On Friday, March 09, 2012 19:12:03 Gabriel Kerneis wrote:
When we receive OGMs with PRIMARIES_FIRST_HOP flags on different interfaces, we know that it came from the same neighbor, just from different interfaces. We have two links to this neighbor.
I think my primary misunderstanding comes from this concept of “primary interface”. It might be due to my lack of knowledge about Batman, but it definitely looks like a hack to me: why do you need this symmetry breaking in the first place?
I believe the rest is only implementation details layered on top of this assumption.
Maybe there is some explanation that I have overlooked in the wiki? I have not found, for instance, how the primary interface is chosen.
The concept of a primary interface goes back into the early days of batman and primarily is an optimization to reduce overhead. At some point we realized that it is not necessary to flood the mesh with OGMs from each and every interface we have. Nearby nodes might want to know about all interfaces to select the best one. Nodes that are far away don't care which interface is connected to what other interface. They only care about a route to their destination.

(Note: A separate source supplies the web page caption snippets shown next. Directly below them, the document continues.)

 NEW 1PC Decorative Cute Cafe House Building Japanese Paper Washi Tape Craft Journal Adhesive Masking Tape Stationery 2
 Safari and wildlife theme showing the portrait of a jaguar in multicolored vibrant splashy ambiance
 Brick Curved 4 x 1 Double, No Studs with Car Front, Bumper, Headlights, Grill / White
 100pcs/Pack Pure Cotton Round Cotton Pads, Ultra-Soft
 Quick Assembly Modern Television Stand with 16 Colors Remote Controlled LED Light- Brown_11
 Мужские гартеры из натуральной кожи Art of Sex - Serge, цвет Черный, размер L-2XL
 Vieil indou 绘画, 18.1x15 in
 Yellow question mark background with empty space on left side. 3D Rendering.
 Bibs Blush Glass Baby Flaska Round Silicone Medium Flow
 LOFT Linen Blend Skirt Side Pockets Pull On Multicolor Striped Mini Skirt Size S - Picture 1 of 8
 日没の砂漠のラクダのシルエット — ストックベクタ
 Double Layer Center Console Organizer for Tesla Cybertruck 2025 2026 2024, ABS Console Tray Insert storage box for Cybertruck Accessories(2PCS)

This concept is briefly explained here[1] (section 2.1.6 and 2.1.7).
What interface is going to be the primary interface does not matter at all. For the sake of simplicty batman chooses the first interface to be the primary interface but it could be any interface you prefer. The key point is that only the primary interface is known in the entire mesh whereas secondary interfaces are known by single hop neighbors only.